> **Problem to work on**
Transcribe the entries exactly. Start at the top, stop after the line with "Anthropologie Maeve Ansonia", and omit every picture.
(Records to use Opens)
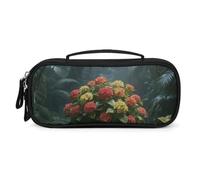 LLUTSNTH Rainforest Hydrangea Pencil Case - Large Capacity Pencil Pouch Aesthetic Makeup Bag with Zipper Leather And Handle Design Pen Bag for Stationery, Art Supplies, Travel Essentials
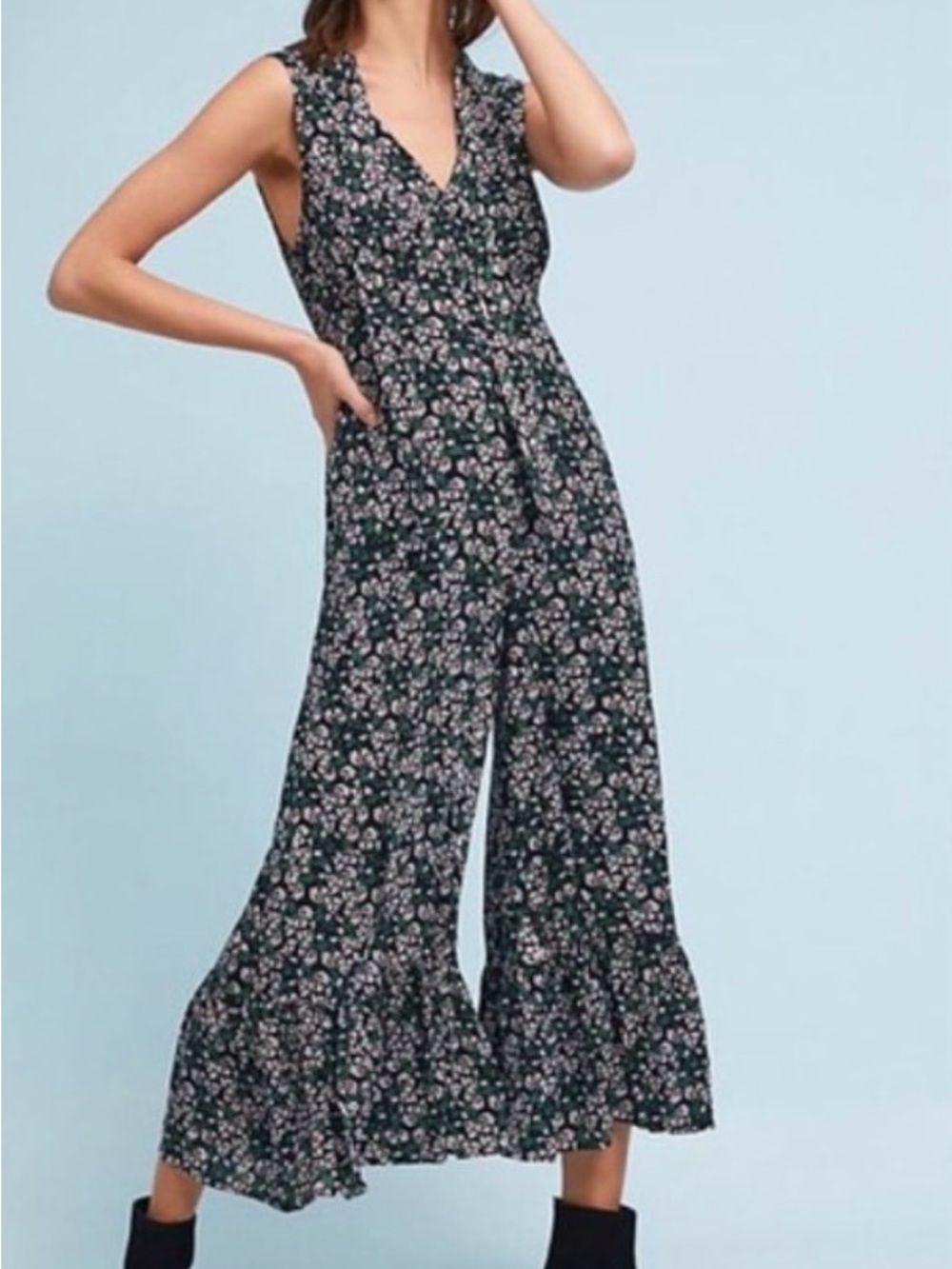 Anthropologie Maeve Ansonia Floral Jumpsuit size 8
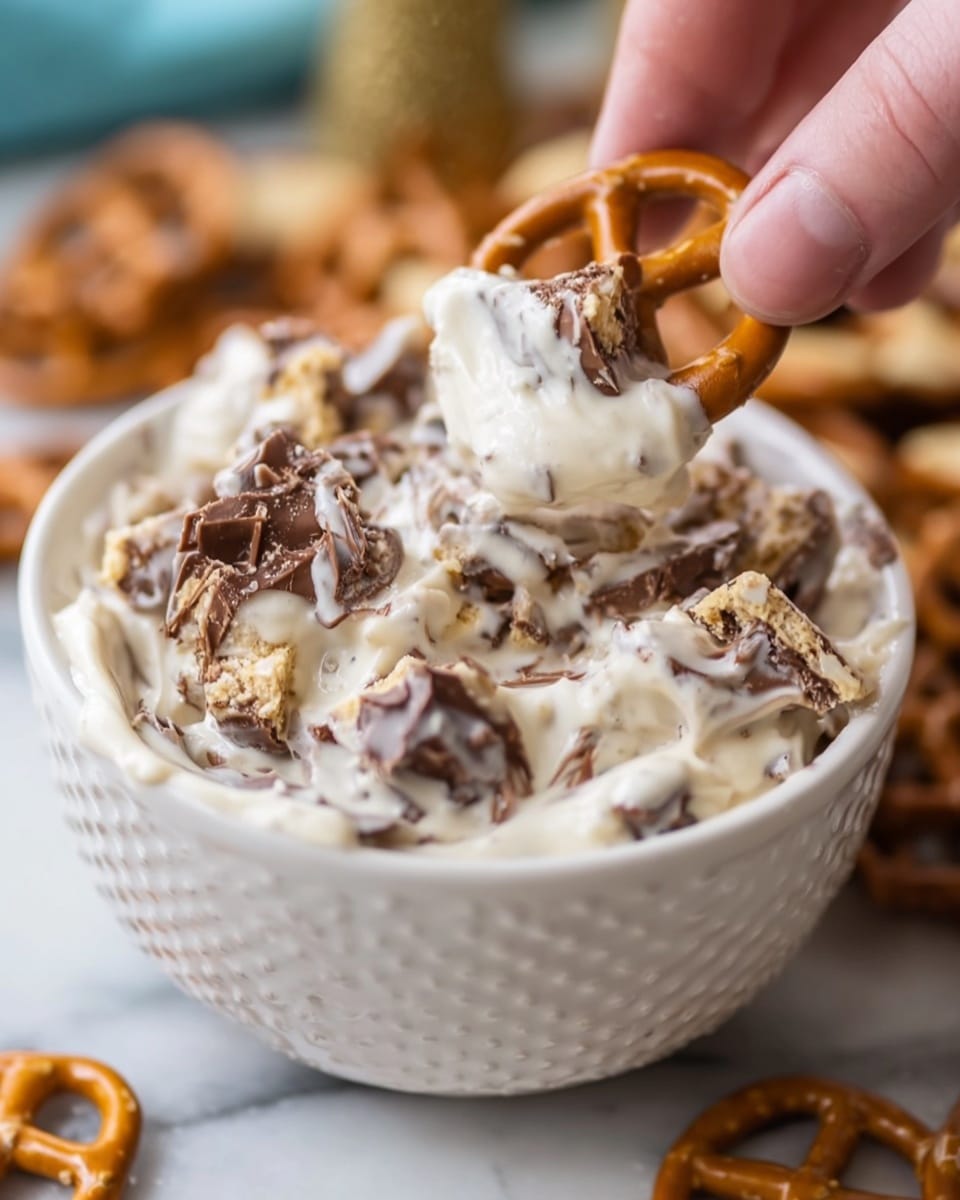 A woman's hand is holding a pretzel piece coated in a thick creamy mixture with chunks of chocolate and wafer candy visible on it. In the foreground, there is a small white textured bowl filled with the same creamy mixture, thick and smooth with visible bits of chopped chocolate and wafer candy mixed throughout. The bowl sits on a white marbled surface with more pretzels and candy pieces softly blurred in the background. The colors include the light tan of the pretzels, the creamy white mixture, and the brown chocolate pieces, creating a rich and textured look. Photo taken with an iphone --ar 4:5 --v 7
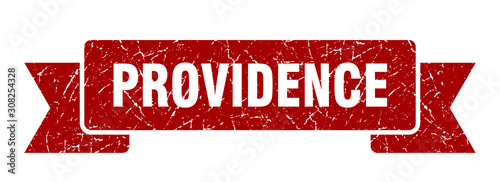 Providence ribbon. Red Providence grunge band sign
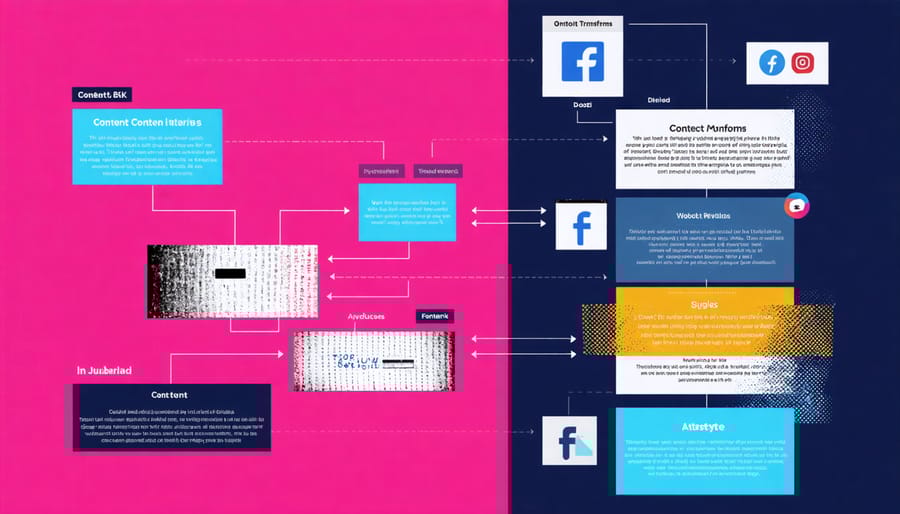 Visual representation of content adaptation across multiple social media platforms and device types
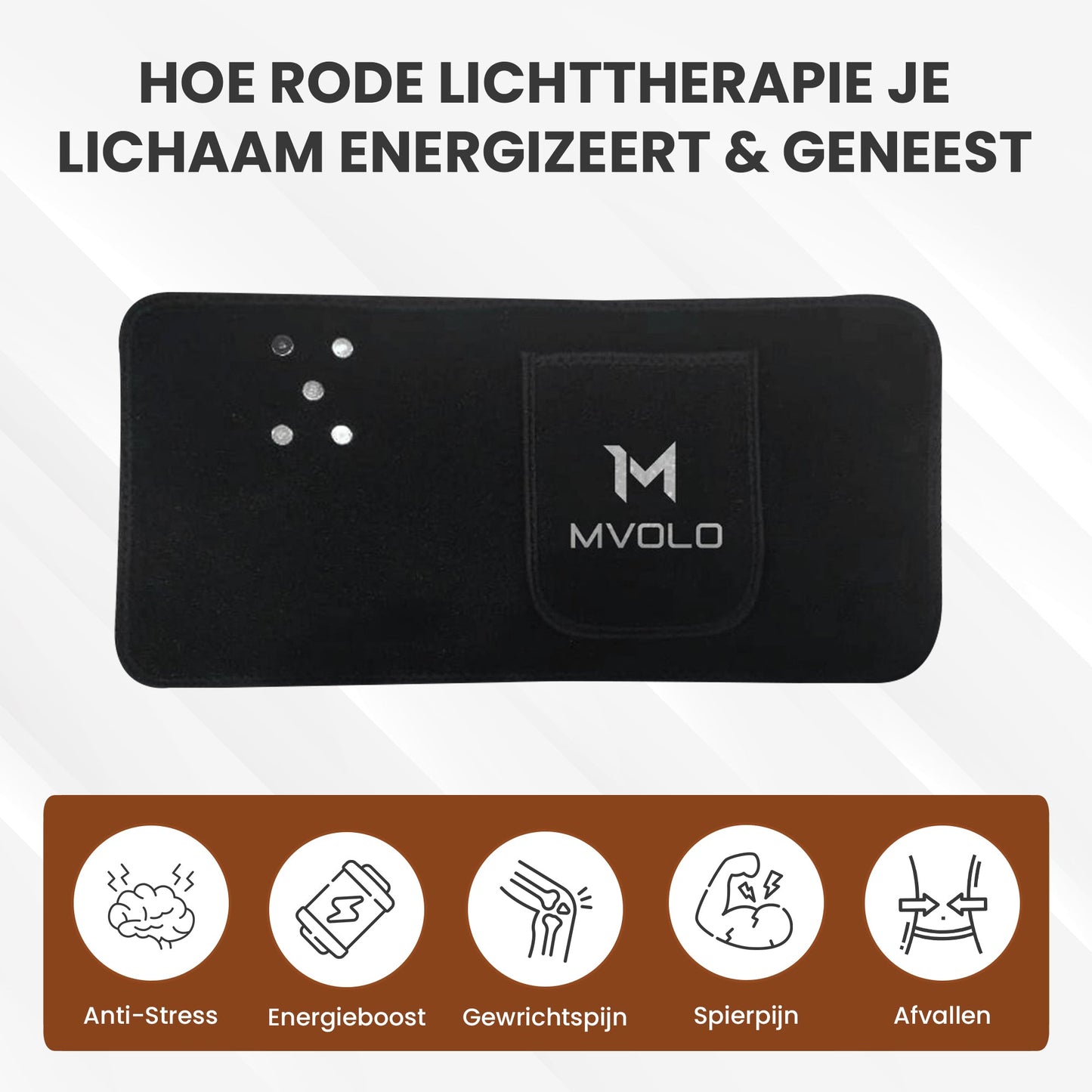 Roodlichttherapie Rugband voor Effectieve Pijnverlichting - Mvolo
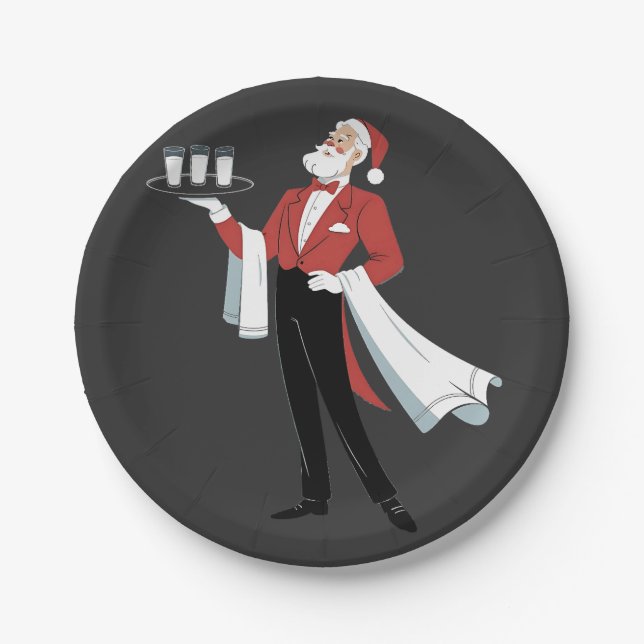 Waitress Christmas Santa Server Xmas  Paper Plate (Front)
(Records to use Closes)
> **Output of the task**
 LLUTSNTH Rainforest Hydrangea Pencil Case - Large Capacity Pencil Pouch Aesthetic Makeup Bag with Zipper Leather And Handle Design Pen Bag for Stationery, Art Supplies, Travel Essentials
 Anthropologie Maeve Ansonia Floral Jumpsuit size 8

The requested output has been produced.